As to whether God cares whether the Ravens or 49ers win today’s Super Bowl, I think not.

But I do believe He delights in athletes who make full use of the talent with which He has blessed them; who pursue their craft as unto the Lord and not to men; who glorify Him when they  achieve success; and who evince His peace, which surpasses all understanding, even when they fall short of victory.

SI Swimsuit Issue is Soft Core Porn


The Sports Illustrated swimsuit issue has just hit newsstands. Its glossy cover lasciviously displays teen-aged model Kate Upton in what People magazine described as an “itty-bitty bikini.”

SI’s editors insist that its annual swimsuit issue – which always ranks as its best-seller – is tastefully done. But the reality is that SI is peddling soft core pornography. Its models are only slightly less sexualized than those that appear in Playboy.

In fact, SI is in many respects worst than Playboy.

Hugh Hefner’s skin magazine makes no pretense to be anything other than pornographic, notwithstanding the articles that fill the pages between the magazine’s nude photo spreads.

SI pretends that its swimsuit issue has something to do with sports.

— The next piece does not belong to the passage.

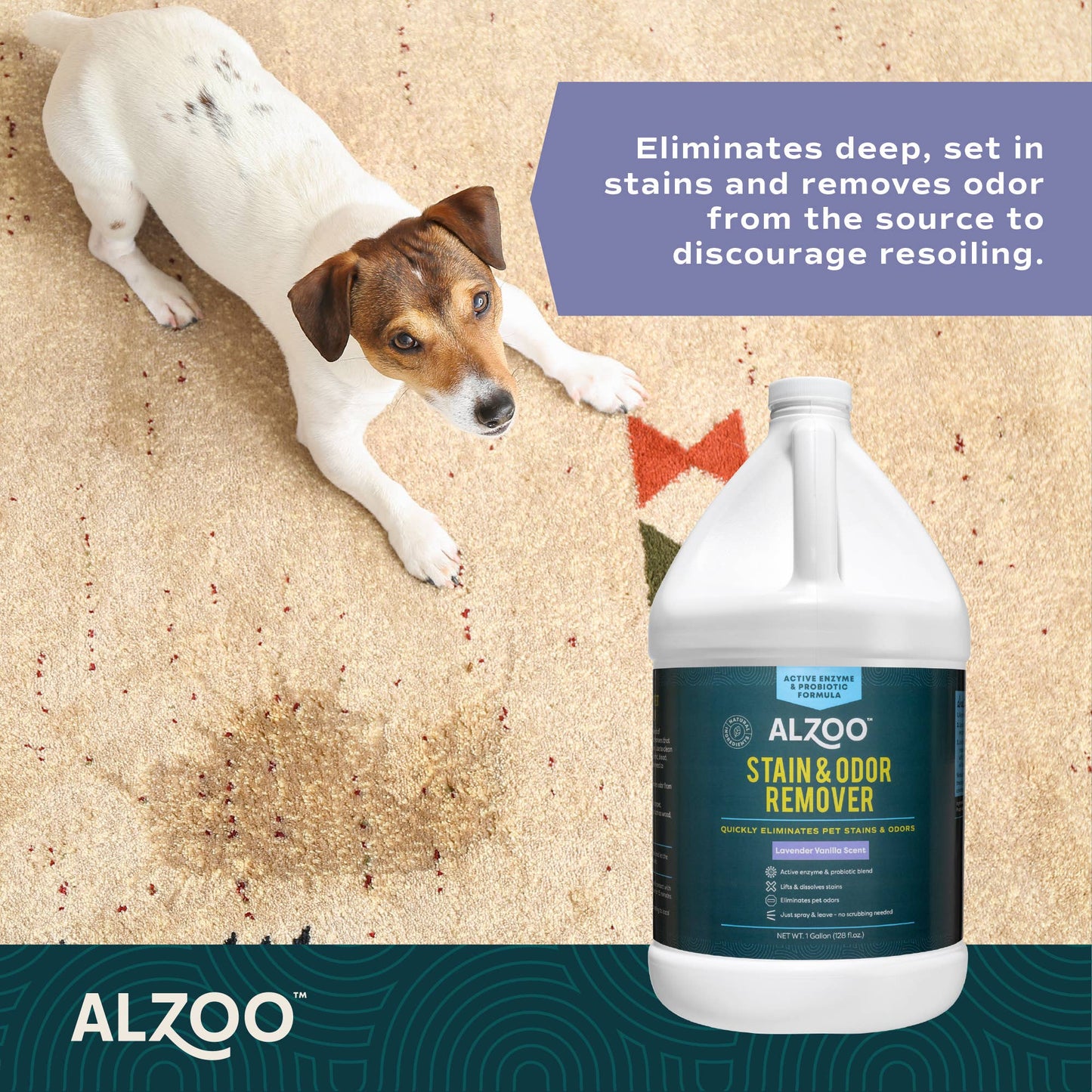 ALZOO Enzymatic Lavender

But closest connection covergirl Uptonhas to sports is that she is rumored to be dating New York Jets quarterback Mark Sanchez.

Yes, the magazine does include several actual female athletes, including Alex Morgan, a member of theU.S.women’s soccer team, Natalie Coughlin, an Olympic swimmer, and Natalie Gulbis, the LPGA tour player.

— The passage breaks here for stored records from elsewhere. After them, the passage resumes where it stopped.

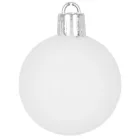 MagicHome karácsonyi gömbök, 31 db, 3-6 cm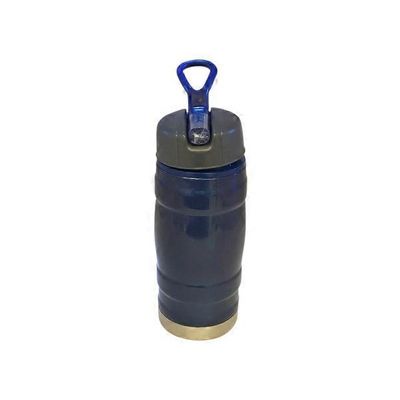 BUBBA burger Sport Bottle, Hero, Blue, 12 Ounce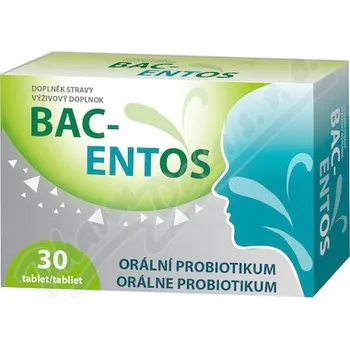 BAC-ENTOS orální probiotikum tbl.30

The three legit sportswomen did not pose in itty-bitty swimsuits like Upton. No they were photographed nude, with only coats of body paint affording them any modesty.

What particularly disturbs is that, unlike most other soft core porn – be it in magazines, at the video store or on pay-per-view television – SI’s swimsuit issue is readily accessible to under-age boys.

For at least some of those boys, the sexualized image of teen-aged Kate in her itty-bitty bikini will stimulate an even more prurient sexual appetite: For hard-core pornography. For topless bars and all-nude strip clubs. For escort services and sex-for-hire.

SI is exploiting young women like Upton, while cultivating unhealthy sexual appetites in its young male readers.

The magazine is doing the dirty work of the sex industry.